» PROVIDED DATA:

▶

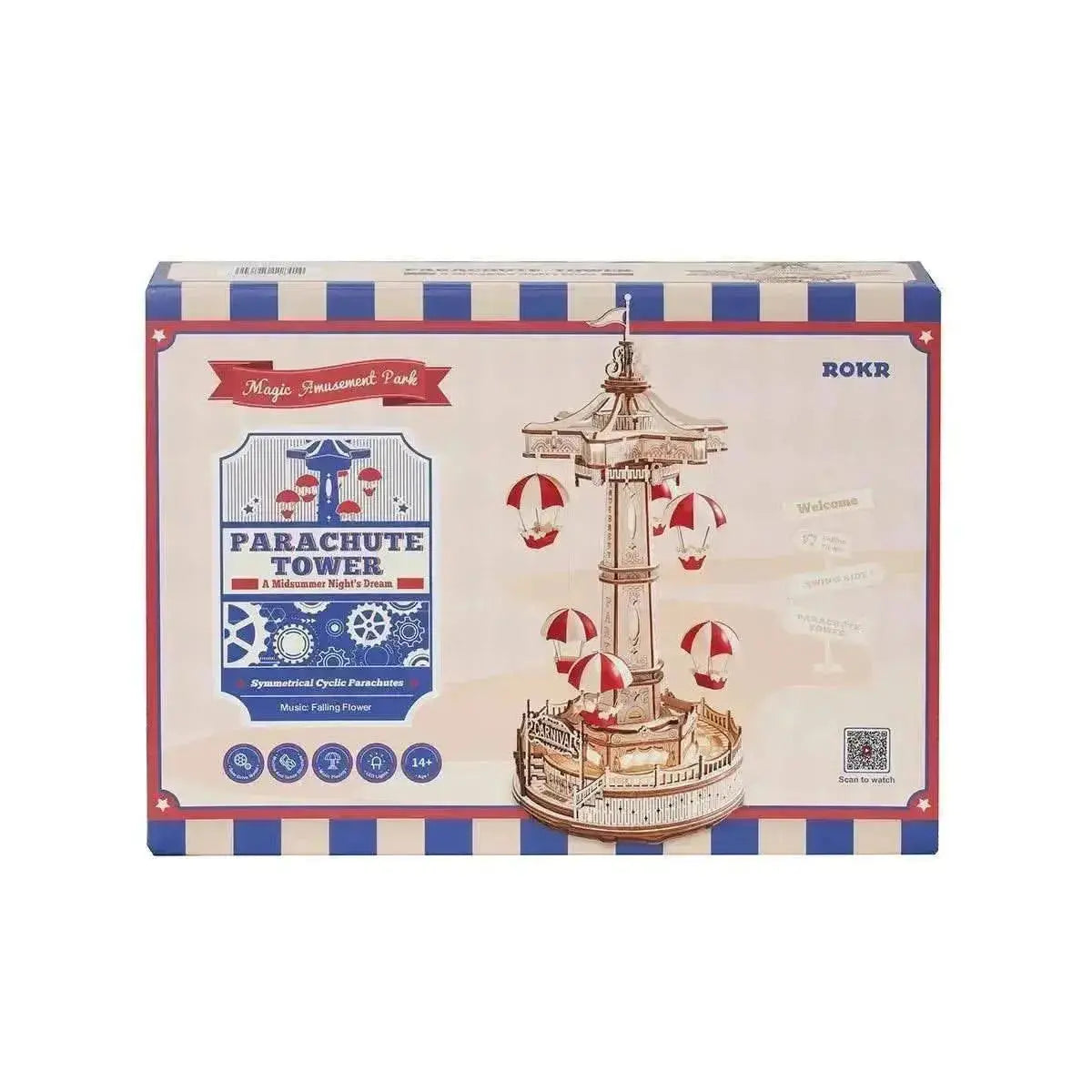 Parachute Tower DIY Music Box 3D Wooden Puzzle - Toys Quiz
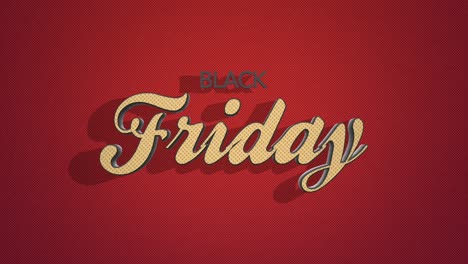 retro black friday text in 80s style on a red grunge texture
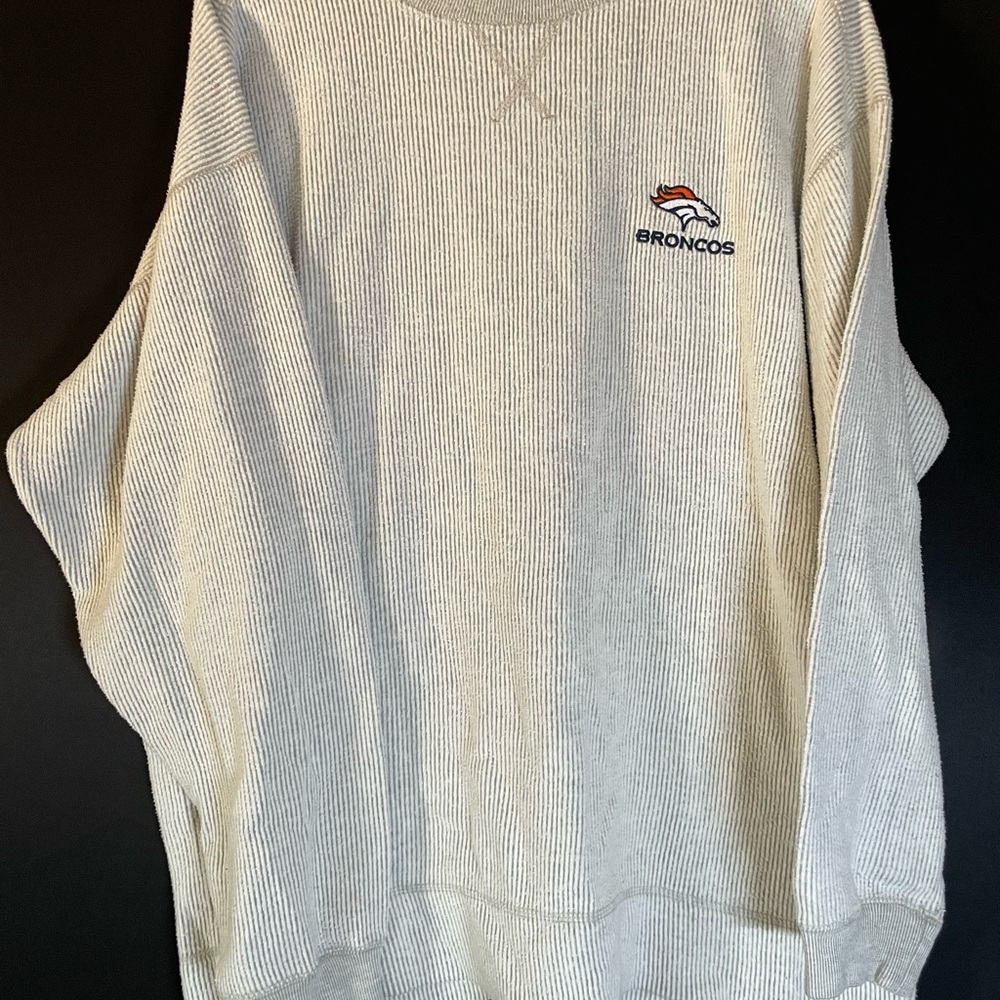 Denver Broncos White and Grey Sweater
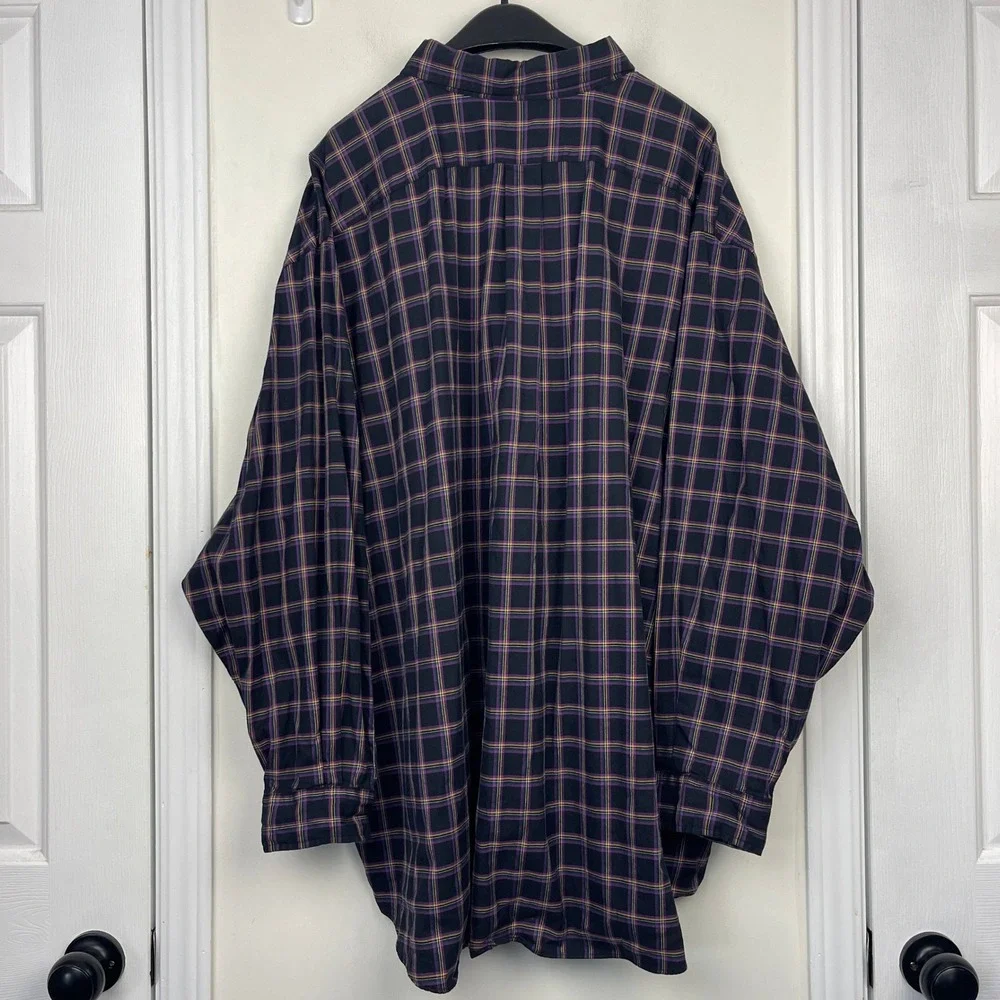 Polo Ralph Lauren Blake Mens 4XB BIG Cotton Black Purple Plaid Long Sleeve Shirt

◀

» REQUIRED ACTION: The pictures alone are to be left out when the data above is copied; all else must match exactly.

» ANSWER TO THE PROBLEM:
 Parachute Tower DIY Music Box 3D Wooden Puzzle - Toys Quiz
 retro black friday text in 80s style on a red grunge texture
 Denver Broncos White and Grey Sweater
 Polo Ralph Lauren Blake Mens 4XB BIG Cotton Black Purple Plaid Long Sleeve Shirt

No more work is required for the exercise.